In [1]:
"""
Minimal PyTorch examples for different parallelism strategies:
1. DDP (Distributed Data Parallel)
2. FSDP 2 (Fully Sharded Data Parallel v2)
3. Tensor Parallelism
4. Sequence/Context Parallelism

Run with: torchrun --nproc_per_node=4 parallelism_examples.py --strategy ddp
"""

import torch
import torch.nn as nn
import torch.nn.functional as F
import torch.distributed as dist
from torch.nn.parallel import DistributedDataParallel as DDP
from torch.distributed.fsdp import FullyShardedDataParallel as FSDP
from torch.distributed.tensor.parallel import (
    ColwiseParallel, RowwiseParallel, parallelize_module
)
from torch.distributed.tensor import DeviceMesh, distribute_tensor, Replicate, Shard
import argparse
import os


In [5]:
class SimpleTransformer(nn.Module):
    def __init__(self, vocab_size=1000, d_model=512, nhead=8, num_layers=6, seq_len=128):
        super().__init__()
        self.d_model = d_model
        self.seq_len = seq_len
        
        self.embedding = nn.Embedding(vocab_size, d_model)
        self.pos_encoding = nn.Parameter(torch.randn(seq_len, d_model))
        
        decoder_layer = nn.TransformerDecoderLayer(
            d_model=d_model, 
            nhead=nhead, 
            dim_feedforward=d_model * 4,
            batch_first=True
        )
        self.transformer = nn.TransformerDecoder(decoder_layer, num_layers=num_layers)
        self.classifier = nn.Linear(d_model, vocab_size)
    
    def forward(self, x):
        # x shape: (batch, seq_len)
        seq_len = x.size(1)
        
        x = self.embedding(x) + self.pos_encoding[:seq_len].unsqueeze(0)
        
        x = self.transformer(x)
        
        x = self.classifier(x)
        return x

In [39]:
def setup_distributed():
    """Initialize distributed training environment"""
    if dist.is_initialized():
        dist.destroy_process_group()
    dist.init_process_group(backend="gloo")
    rank = dist.get_rank()
    world_size = dist.get_world_size()

    device_str = "cpu"
    count = torch.cpu.device_count()
    if torch.cuda.is_available():
        device_str = "cuda"
        count = torch.cuda.device_count()
    # elif torch.backends.mps.is_available():
    #     device_str = "mps"
    #     count = torch.mps.device_count()
    device = torch.device(f"{device_str}:{rank % count}")
    torch.set_default_device(device)
    return rank, world_size, device


def create_dummy_data(batch_size, seq_len, vocab_size, device):
    """Create dummy training data"""
    inputs = torch.randint(0, vocab_size, (batch_size, seq_len), device=device)
    targets = inputs[:, 1:].contiguous()
    inputs = inputs[:, :-1].contiguous()
    return inputs, targets

In [36]:
import os

os.environ['MASTER_ADDR'] = 'localhost'
os.environ['MASTER_PORT'] = '12355'
os.environ['RANK'] = '0'
os.environ['WORLD_SIZE'] = '1'

In [40]:
# =============================================================================
# 1. DDP (Distributed Data Parallel)
# =============================================================================
def ddp_example():
    """DDP replicates model on each GPU, synchronizes gradients"""
    rank, world_size, device = setup_distributed()
    
    model = SimpleTransformer().to(device)
    model = DDP(model, device_ids=[device])

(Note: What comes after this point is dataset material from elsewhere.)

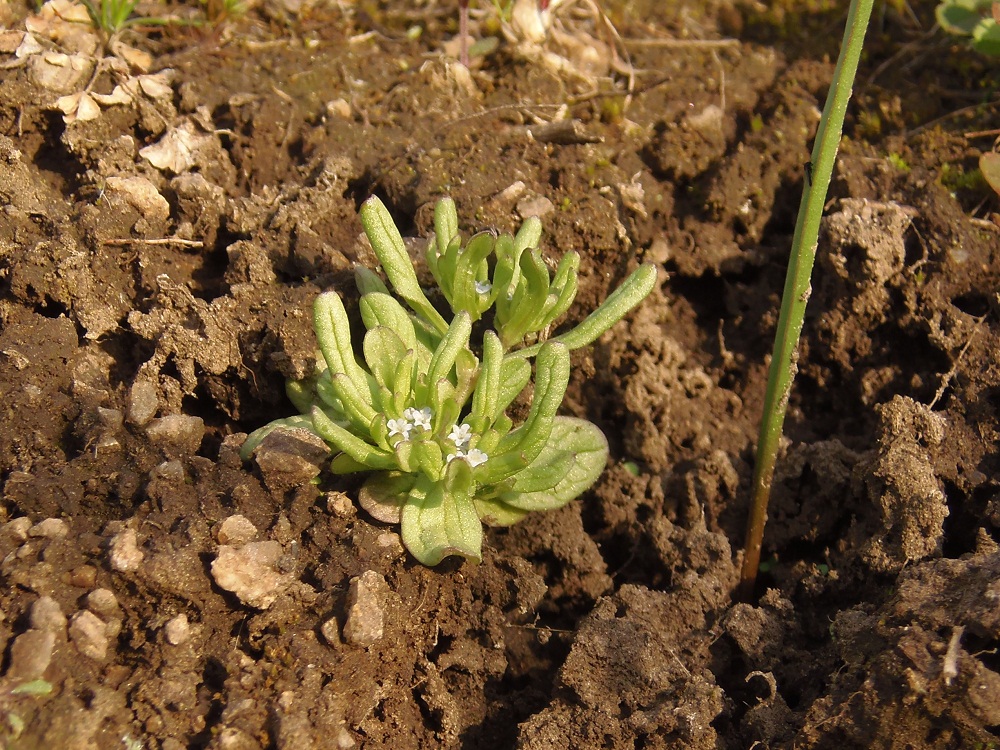 Image of genus Valerianella specimen.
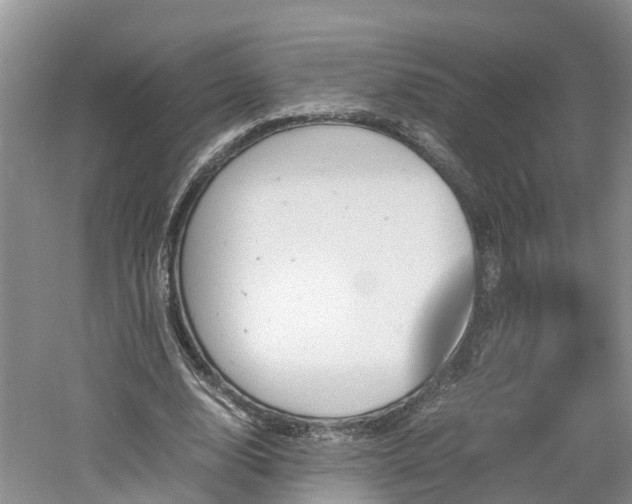 X0000060800632200511171242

    optimizer = torch.optim.Adam(model.parameters(), lr=1e-4)
    
    for step in range(5):
        batch_size = 4
        inputs, targets = create_dummy_data(batch_size, 128, 1000, device)
        
        outputs = model(inputs)  # Shape: (batch, seq_len, vocab_size)
        
        loss = F.cross_entropy(outputs.view(-1, outputs.size(-1)), targets.view(-1))
        
        optimizer.zero_grad()
        loss.backward()
        optimizer.step()
        
        if rank == 0:
            print(f"DDP Step {step}: Loss = {loss.item():.4f}")
    
    dist.destroy_process_group()

In [41]:
ddp_example()

ValueError: DistributedDataParallel device_ids and output_device arguments only work with single-device/multiple-device GPU modules or CPU modules, but got device_ids [device(type='cpu', index=0)], output_device None, and module parameters {device(type='cpu')}.

In [None]:
# =============================================================================
# 2. FSDP 2 (Fully Sharded Data Parallel)
# =============================================================================
def fsdp_example():
    """FSDP 2 shards model parameters across GPUs using manual wrapping"""
    rank, world_size, device = setup_distributed()
    
    # Create model with manual FSDP wrapping
    model = SimpleTransformer().to(device)
    
    # FSDP 2 uses manual wrapping - wrap each transformer layer individually
    # This gives more control over sharding strategy
    for i, layer in enumerate(model.transformer.layers):
        model.transformer.layers[i] = FSDP(
            layer,
            device_id=device,
        )
    
    # Wrap the entire model as well
    model = FSDP(
        model,
        device_id=device,
    )
    
    # Optimizer
    optimizer = torch.optim.Adam(model.parameters(), lr=1e-4)
    
    # Training loop
    for step in range(5):
        batch_size = 4
        inputs, targets = create_dummy_data(batch_size, 128, 1000, device)
        
        # Forward pass - FSDP handles all-gather internally
        outputs = model(inputs)
        
        # Loss
        loss = F.cross_entropy(outputs.view(-1, outputs.size(-1)), targets.view(-1))
        
        # Backward pass - FSDP handles reduce-scatter internally  
        optimizer.zero_grad()
        loss.backward()
        optimizer.step()
        
        if rank == 0:
            print(f"FSDP Step {step}: Loss = {loss.item():.4f}")
    
    dist.destroy_process_group()